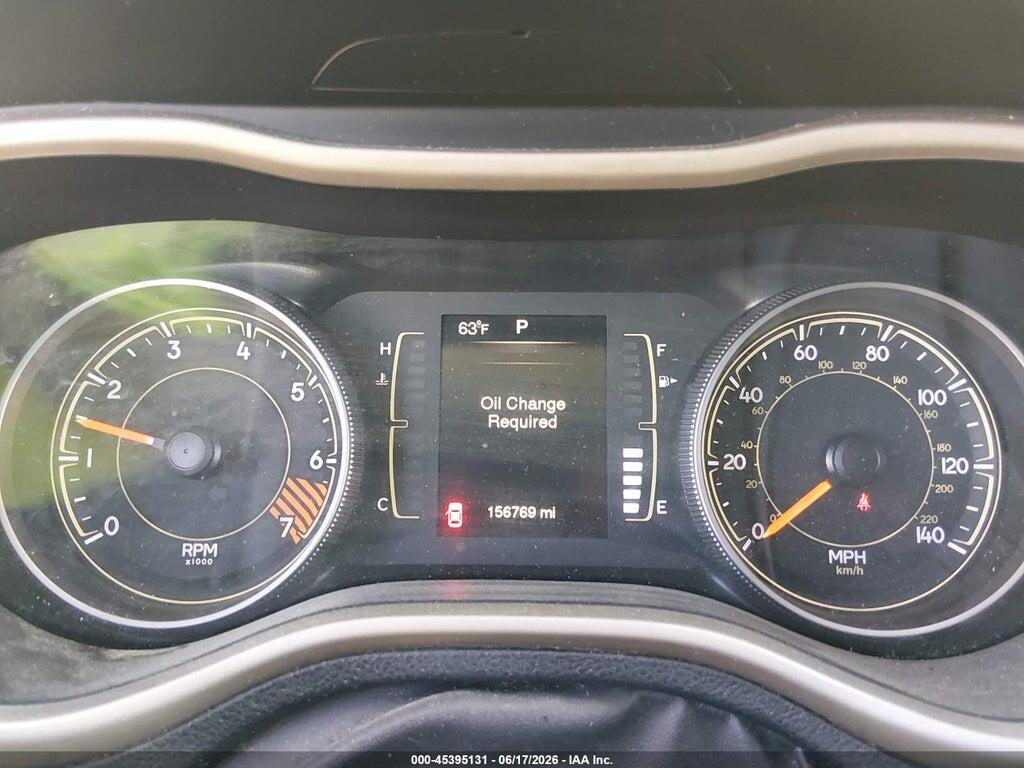 1C4PJLCBXFW730448 2015 JEEP CHEROKEE photo no. 7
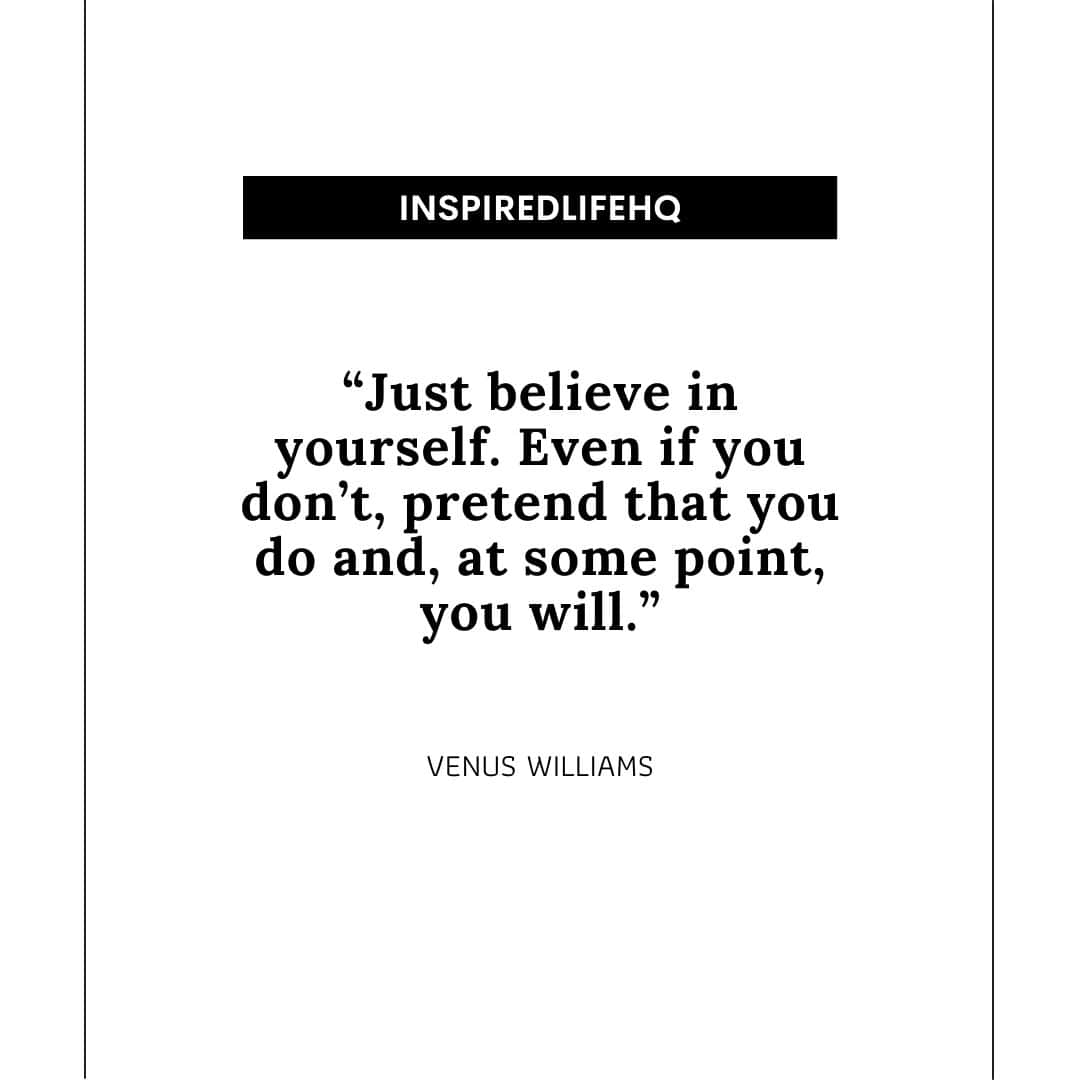 believe in yourself quotes to live by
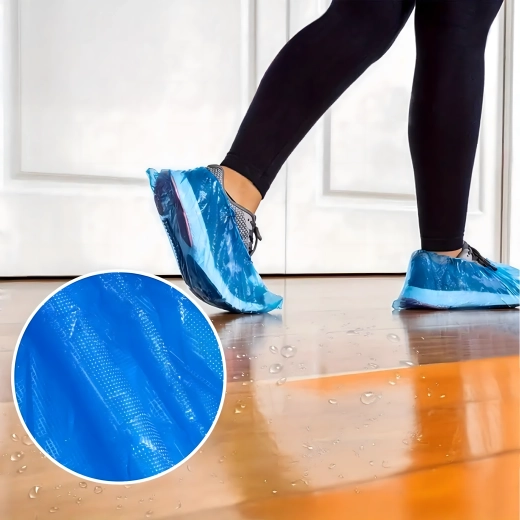 Waterdichte LDPE-folie beschermt tegen vocht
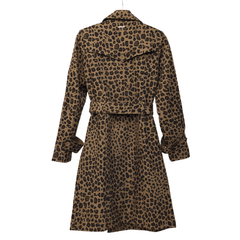 GOA GOA CAPPOTTO 14200032 ANIMALIER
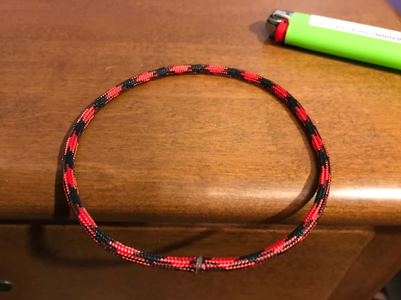 Fusing the Ropes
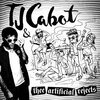 TJ CABOT & THEE ARTIFICIAL REJECTS – s/t (LP Vinyl)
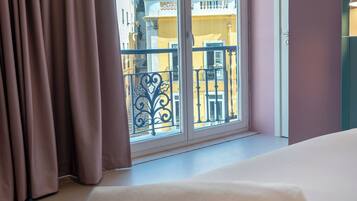 Rideaux occultants, Wi-Fi gratuit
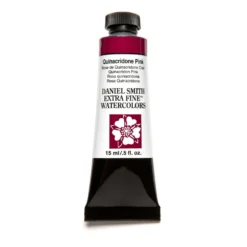 Farba akwarelowa Extra Fine - Daniel Smith - Quinacridone Pink, 15 ml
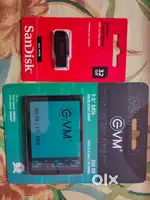 SSD drive and pendrive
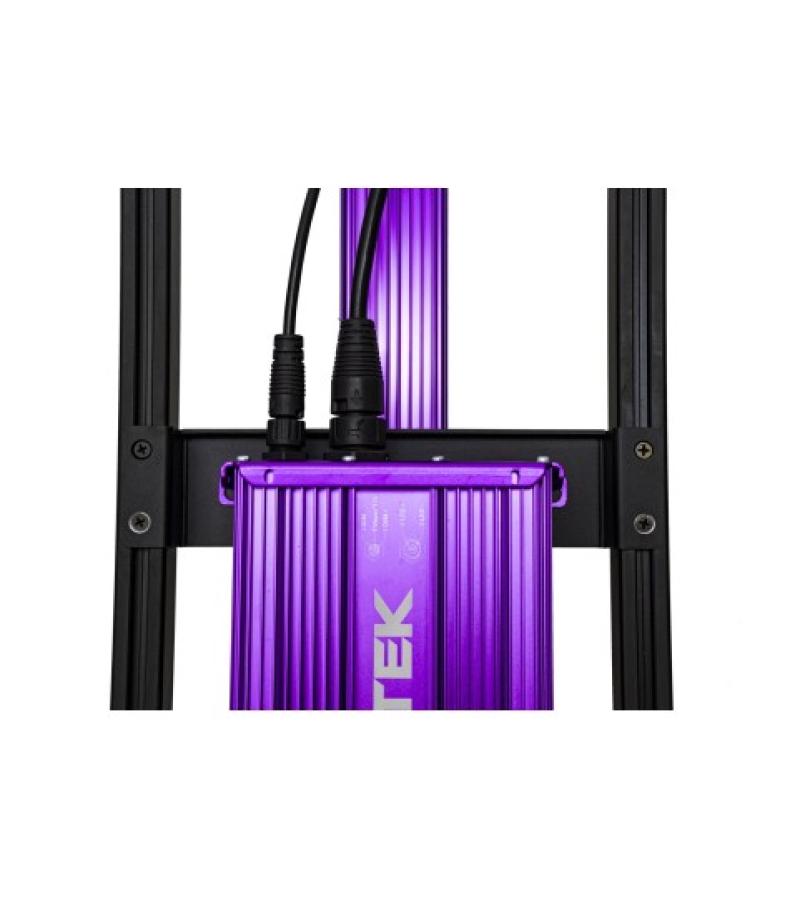zoom zeus 465w transformateur led hoa deco murs vegetaux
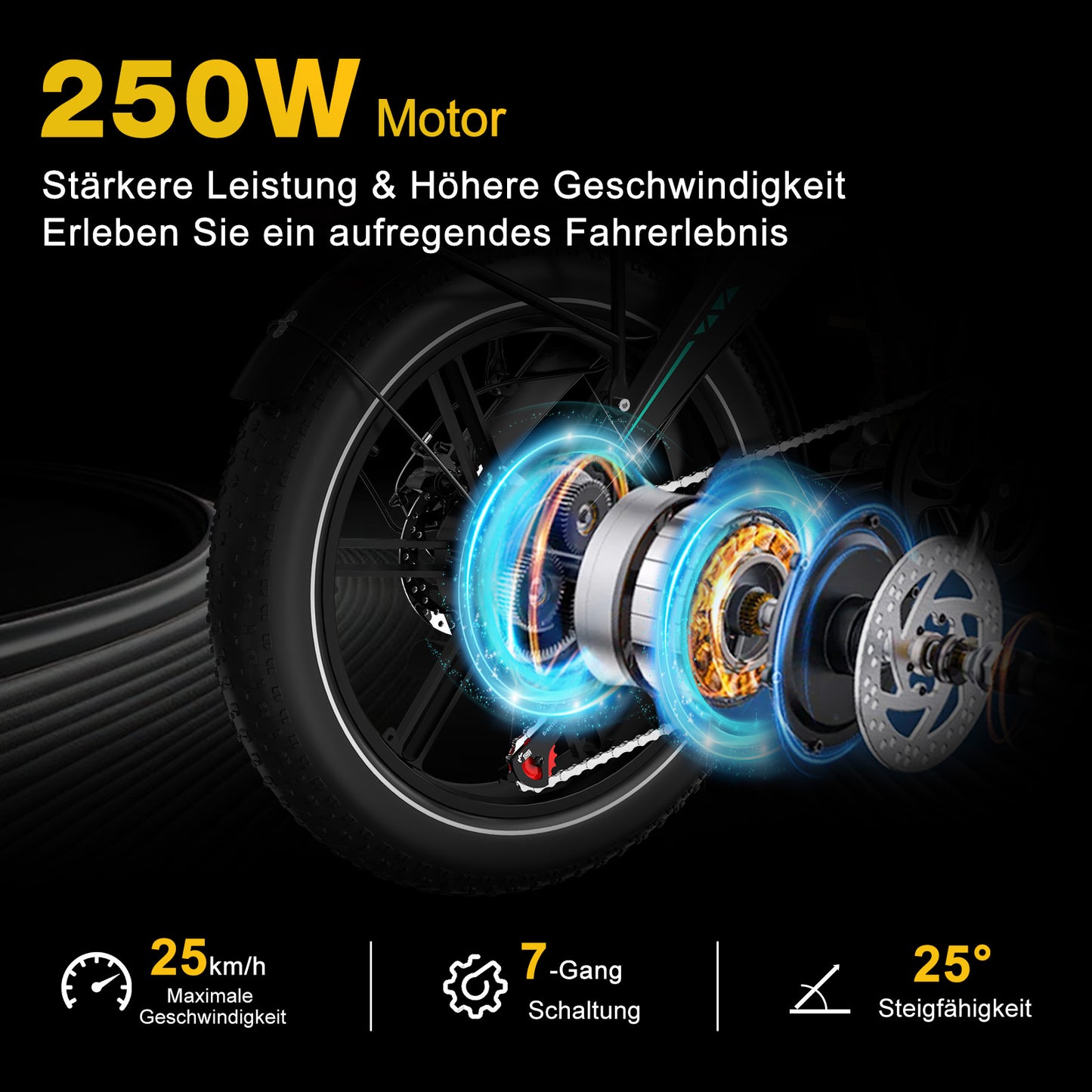 BK36 foldable electric bike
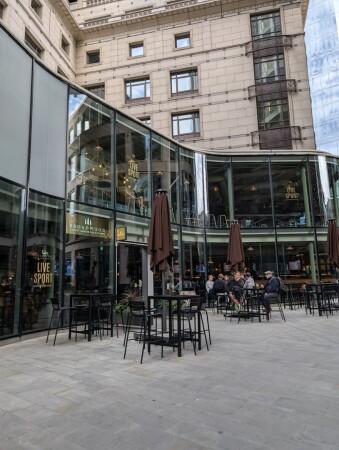 Best Sports Bars in London - Broadwood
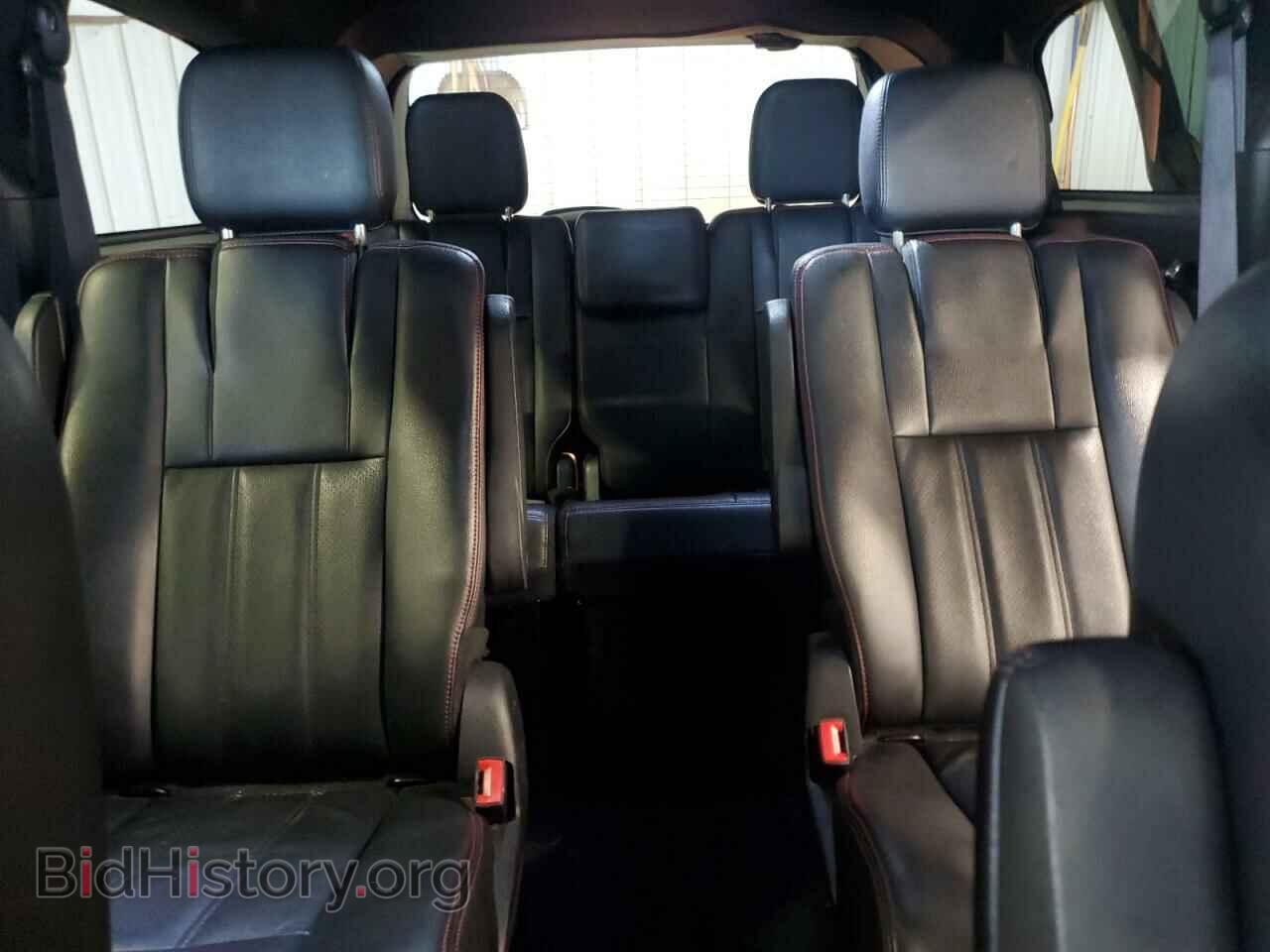 2019 DODGE CARAVAN - VIN: 2C4RDGEG7KR691224 - Фото 10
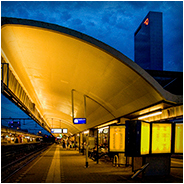 Rotterdam Centraal Station (oude situatie), © Arno Lucas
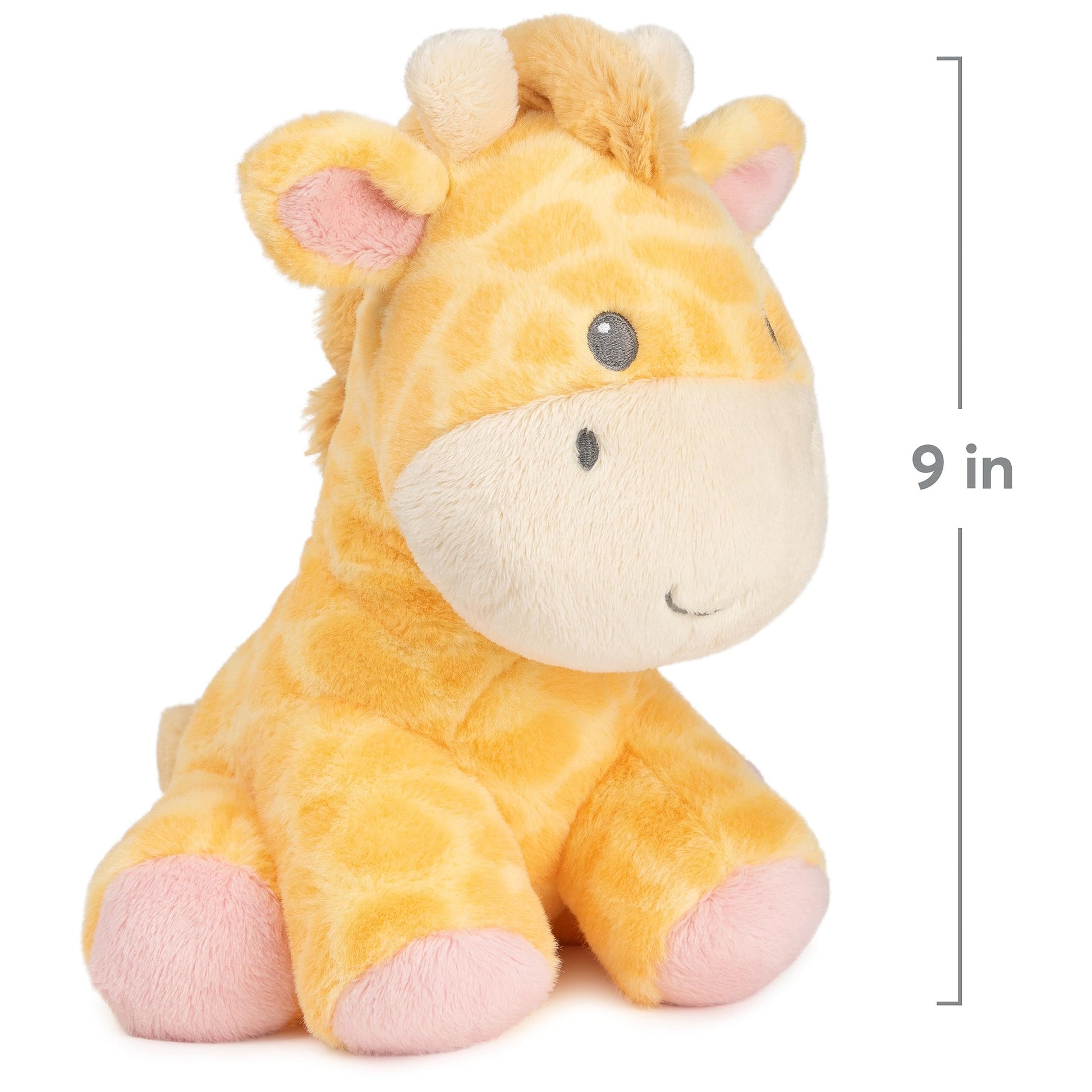 GUND Baby Safari Friends Giraffe 9-Inch Keywind Musical Sensory Toy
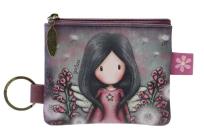 Opakowanie Portmonetka na suwak - Little Wings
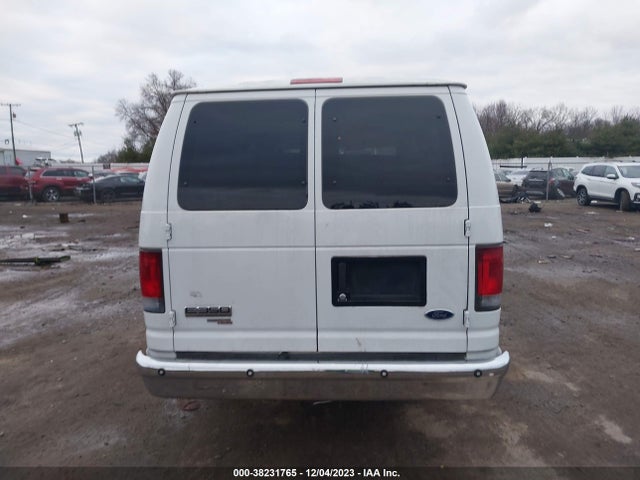 2008 FORD E-350 SUPER DUTY XLT/XL VIN: 1FBSS31L98DB31367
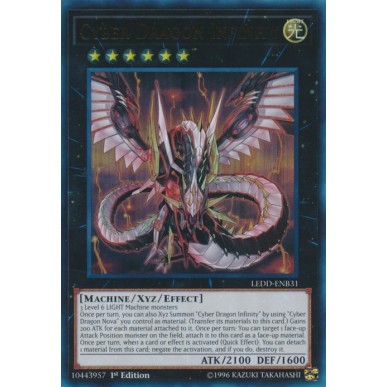 Cyber Dragon Infinity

#### [Work request]
Within the listing above, the stretch from the line with "Waterdichte LDPE-folie beschermt tegen vocht" down to the line with "GUND Baby Safari" is to be given again exactly, end lines included and pictures excluded.

#### [Reply to the exercise]
 Waterdichte LDPE-folie beschermt tegen vocht
 GOA GOA CAPPOTTO 14200032 ANIMALIER
 Fusing the Ropes
 TJ CABOT & THEE ARTIFICIAL REJECTS – s/t (LP Vinyl)
 Rideaux occultants, Wi-Fi gratuit
 Farba akwarelowa Extra Fine - Daniel Smith - Quinacridone Pink, 15 ml
 SSD drive and pendrive
zoom zeus 465w transformateur led hoa deco murs vegetaux
 BK36 foldable electric bike
 Best Sports Bars in London - Broadwood
 2019 DODGE CARAVAN - VIN: 2C4RDGEG7KR691224 - Фото 10
 Rotterdam Centraal Station (oude situatie), © Arno Lucas
 GUND Baby Safari Friends Giraffe 9-Inch Keywind Musical Sensory Toy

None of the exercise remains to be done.